Exercise prompt:
Retype word for word the stretch of entries below from the line that has "[데일리 북한]내달 전원회의 소집… 당 결정 관철 총력전" through the line that has "Decorative Facial Tissue Dispenser Box", and omit the pictures.

*** Information shown

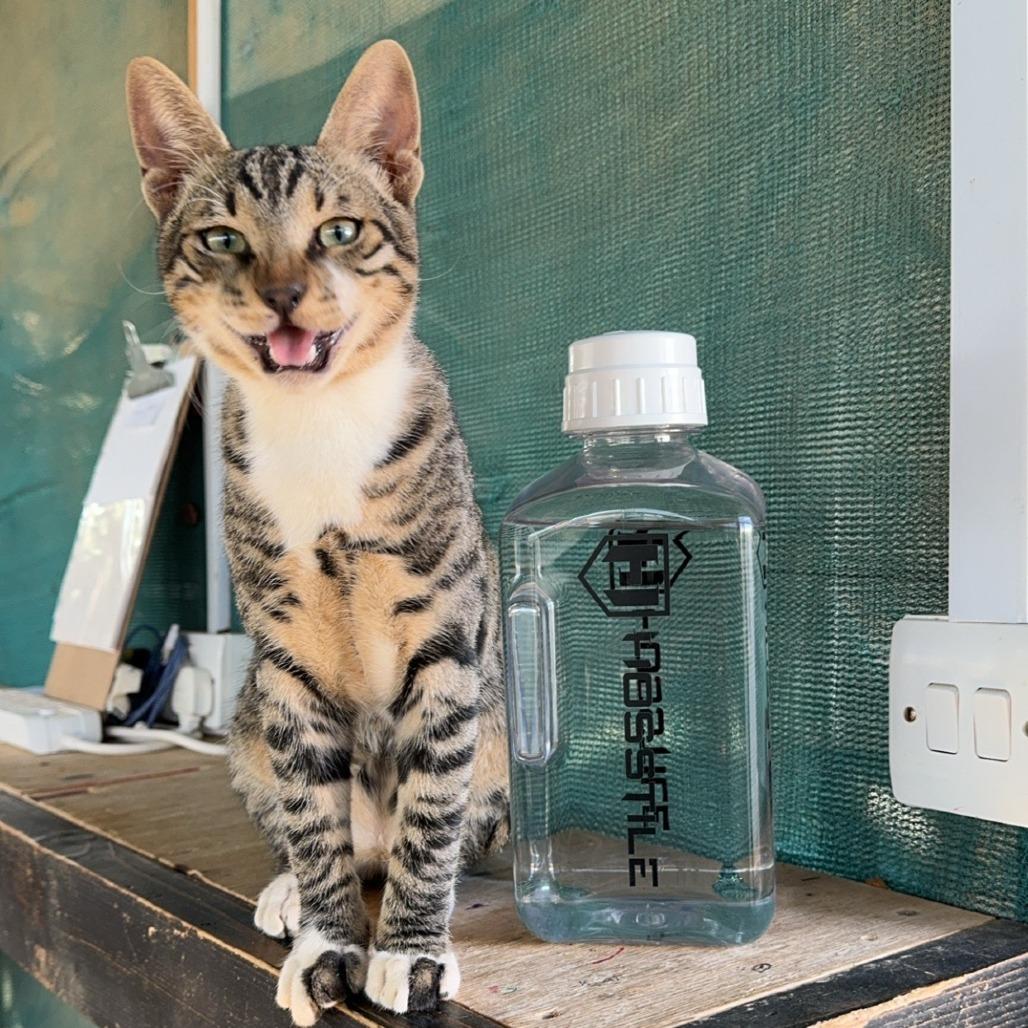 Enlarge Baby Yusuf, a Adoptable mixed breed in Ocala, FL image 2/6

******
*** Information shown

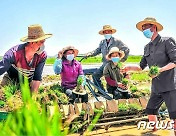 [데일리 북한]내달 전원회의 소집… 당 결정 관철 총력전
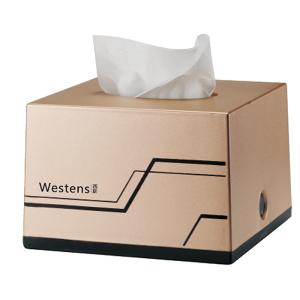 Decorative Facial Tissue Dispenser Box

******
*** Information shown

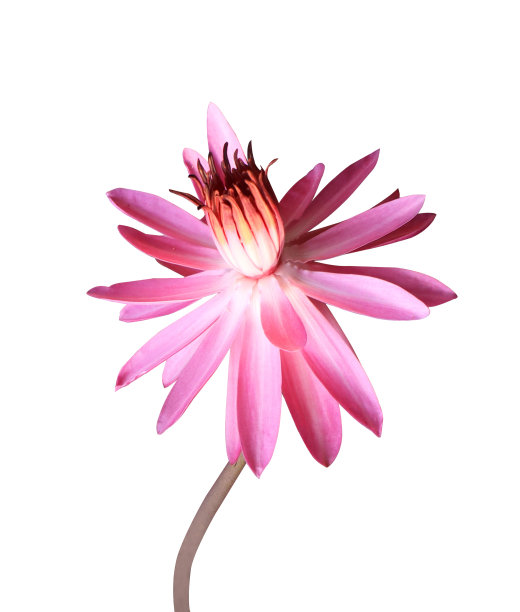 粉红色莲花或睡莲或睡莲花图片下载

******

Answer box:
 [데일리 북한]내달 전원회의 소집… 당 결정 관철 총력전
 Decorative Facial Tissue Dispenser Box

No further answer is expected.